PROBLEM TO WORK ON — Only the lines in the entries below from the line with "On the login" to the line with "One last set", both included, belong in the answer, transcribed exactly and without pictures.

**** LISTED ENTRIES

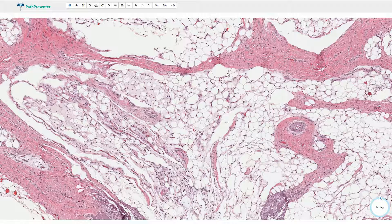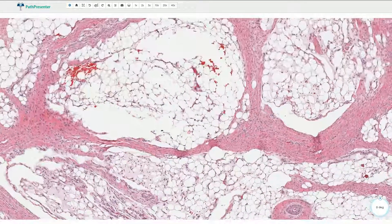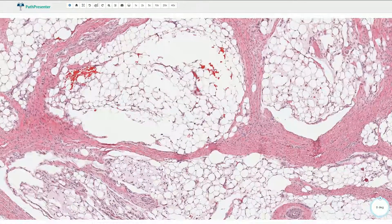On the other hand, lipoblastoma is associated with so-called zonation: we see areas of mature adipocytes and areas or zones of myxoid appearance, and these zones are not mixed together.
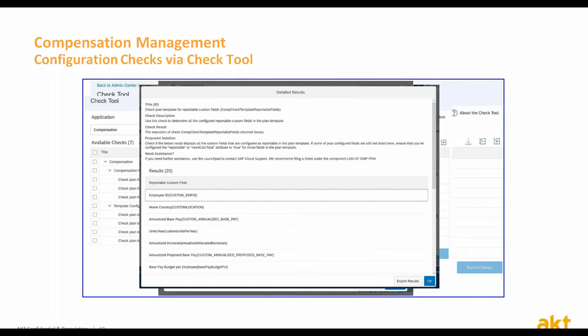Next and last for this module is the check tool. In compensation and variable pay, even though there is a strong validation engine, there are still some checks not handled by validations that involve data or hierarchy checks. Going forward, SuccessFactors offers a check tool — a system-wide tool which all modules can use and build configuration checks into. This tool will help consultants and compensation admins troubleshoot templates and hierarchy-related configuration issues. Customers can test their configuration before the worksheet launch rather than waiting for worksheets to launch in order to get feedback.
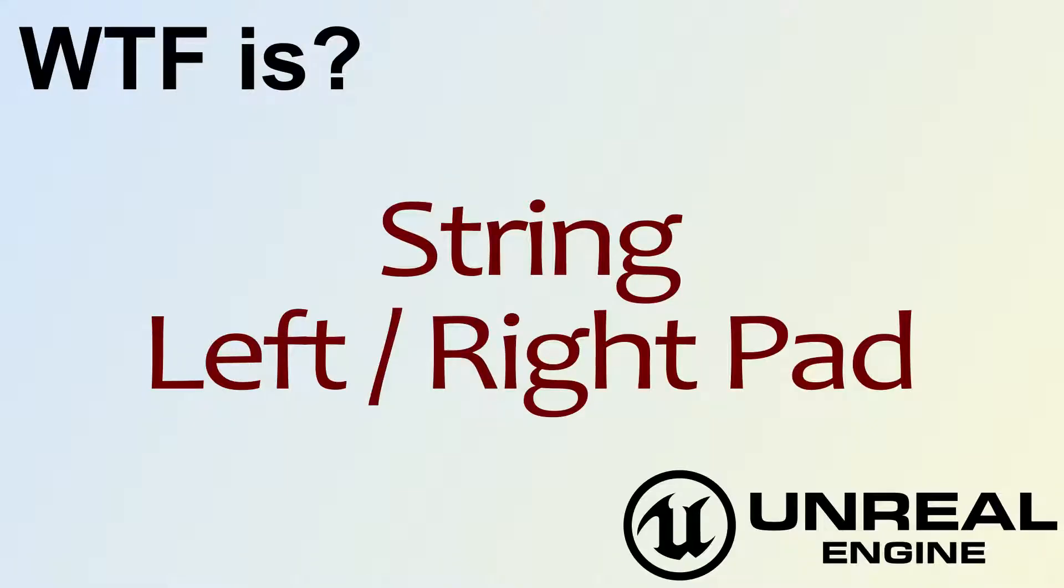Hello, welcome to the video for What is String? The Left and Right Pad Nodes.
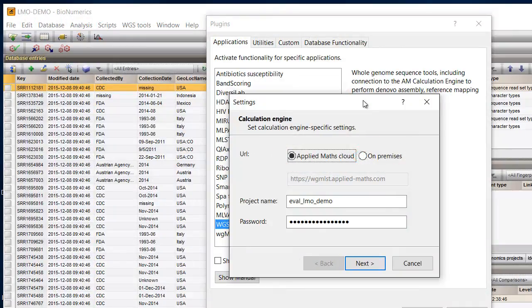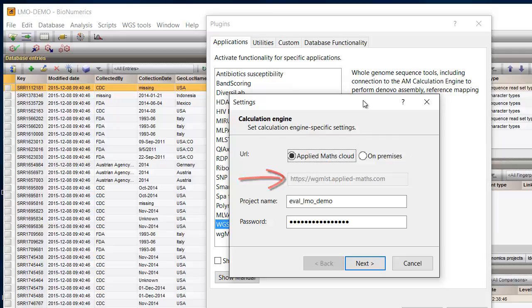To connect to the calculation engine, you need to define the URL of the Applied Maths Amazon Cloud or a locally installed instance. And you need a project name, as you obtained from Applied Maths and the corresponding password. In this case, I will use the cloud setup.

********
**** LISTED ENTRIES

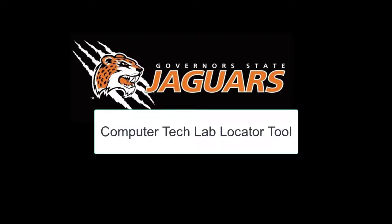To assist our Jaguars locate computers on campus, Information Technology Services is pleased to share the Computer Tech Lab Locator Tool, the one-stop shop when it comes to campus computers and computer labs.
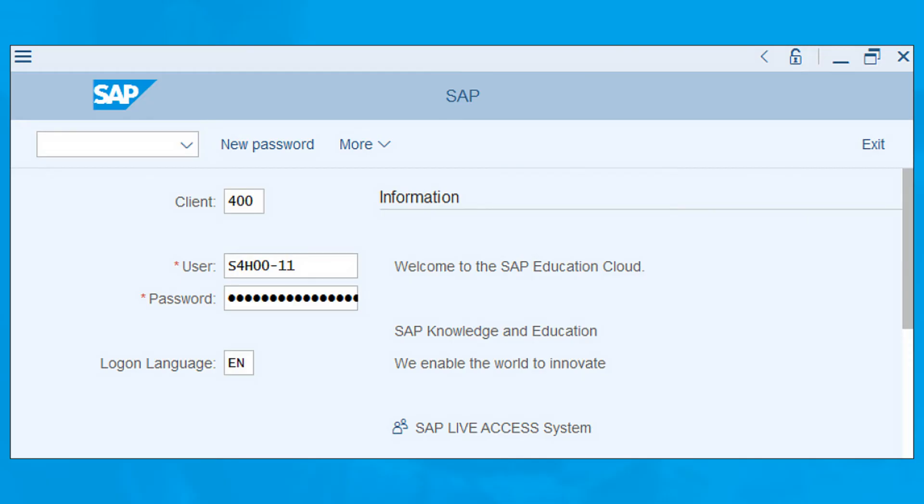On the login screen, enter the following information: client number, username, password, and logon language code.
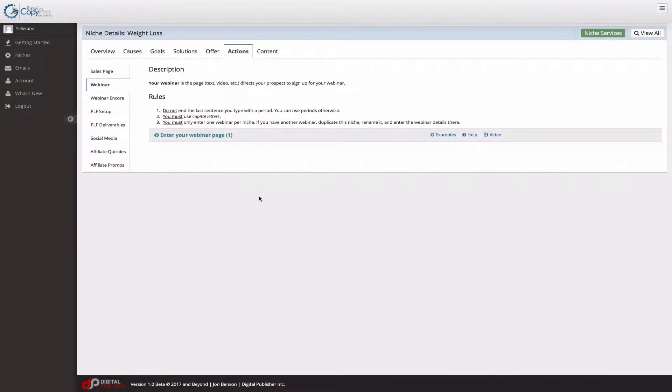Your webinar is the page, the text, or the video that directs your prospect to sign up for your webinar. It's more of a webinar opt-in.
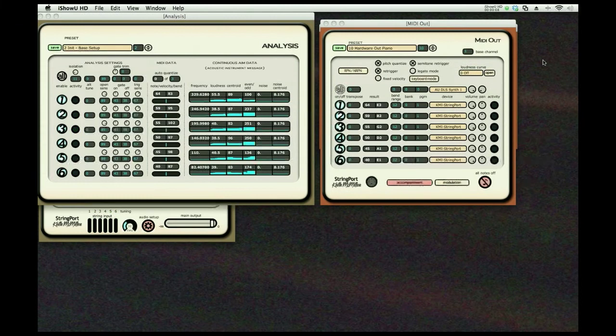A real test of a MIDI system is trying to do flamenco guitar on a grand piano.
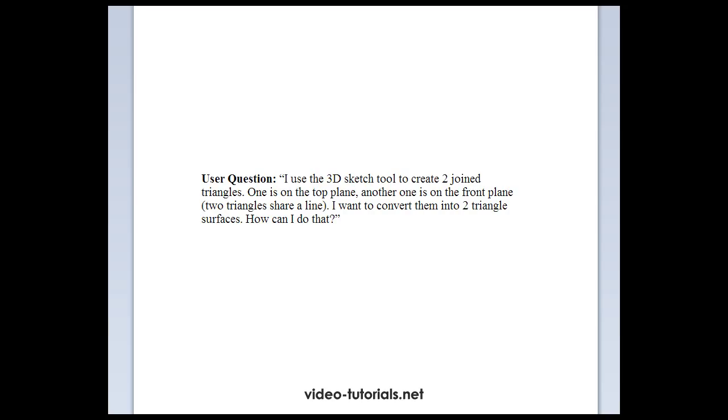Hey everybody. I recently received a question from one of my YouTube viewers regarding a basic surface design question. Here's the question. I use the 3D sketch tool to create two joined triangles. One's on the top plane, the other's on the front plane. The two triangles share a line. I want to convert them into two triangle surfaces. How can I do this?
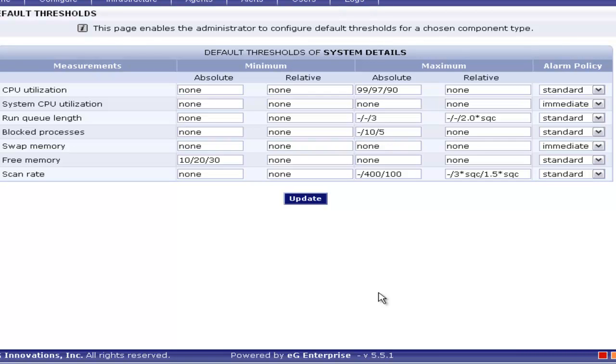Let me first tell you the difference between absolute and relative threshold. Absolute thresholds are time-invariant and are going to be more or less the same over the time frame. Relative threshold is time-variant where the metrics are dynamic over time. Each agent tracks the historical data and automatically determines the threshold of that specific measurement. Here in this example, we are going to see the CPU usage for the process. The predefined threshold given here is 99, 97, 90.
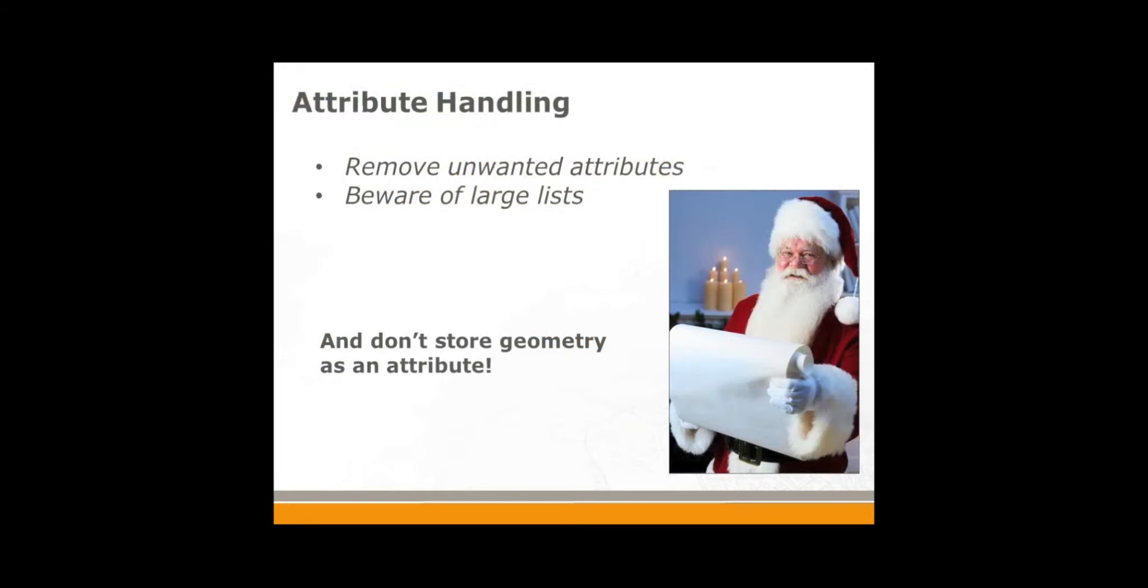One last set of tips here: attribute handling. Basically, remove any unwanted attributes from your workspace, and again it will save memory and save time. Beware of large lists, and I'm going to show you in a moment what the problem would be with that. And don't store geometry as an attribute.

********
**** LISTED ENTRIES

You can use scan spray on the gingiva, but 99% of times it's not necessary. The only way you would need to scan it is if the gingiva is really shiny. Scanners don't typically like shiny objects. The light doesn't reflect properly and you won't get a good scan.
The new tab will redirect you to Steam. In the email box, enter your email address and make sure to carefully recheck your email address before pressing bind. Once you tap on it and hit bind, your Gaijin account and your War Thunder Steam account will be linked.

********

SOLUTION TO THIS PROBLEM —
On the login screen, enter the following information: client number, username, password, and logon language code.
Your webinar is the page, the text, or the video that directs your prospect to sign up for your webinar. It's more of a webinar opt-in.
A real test of a MIDI system is trying to do flamenco guitar on a grand piano.
Hey everybody. I recently received a question from one of my YouTube viewers regarding a basic surface design question. Here's the question. I use the 3D sketch tool to create two joined triangles. One's on the top plane, the other's on the front plane. The two triangles share a line. I want to convert them into two triangle surfaces. How can I do this?
Let me first tell you the difference between absolute and relative threshold. Absolute thresholds are time-invariant and are going to be more or less the same over the time frame. Relative threshold is time-variant where the metrics are dynamic over time. Each agent tracks the historical data and automatically determines the threshold of that specific measurement. Here in this example, we are going to see the CPU usage for the process. The predefined threshold given here is 99, 97, 90.
One last set of tips here: attribute handling. Basically, remove any unwanted attributes from your workspace, and again it will save memory and save time. Beware of large lists, and I'm going to show you in a moment what the problem would be with that. And don't store geometry as an attribute.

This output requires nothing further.